* _Records provided_
━━━━━━━━━━

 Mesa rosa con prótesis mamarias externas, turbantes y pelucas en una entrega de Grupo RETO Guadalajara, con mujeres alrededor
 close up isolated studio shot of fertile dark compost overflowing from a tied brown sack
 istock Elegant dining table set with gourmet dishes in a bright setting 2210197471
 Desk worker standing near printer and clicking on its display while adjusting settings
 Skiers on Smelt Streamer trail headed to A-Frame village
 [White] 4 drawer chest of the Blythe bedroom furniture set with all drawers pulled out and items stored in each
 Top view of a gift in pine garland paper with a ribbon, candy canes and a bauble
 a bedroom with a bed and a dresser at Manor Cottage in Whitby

━━━━━━━━━━

* _Problem to work on_
Look through the entries above; find each line with the word "bedroom" and copy it.

* _Task solution_
 [White] 4 drawer chest of the Blythe bedroom furniture set with all drawers pulled out and items stored in each
 a bedroom with a bed and a dresser at Manor Cottage in Whitby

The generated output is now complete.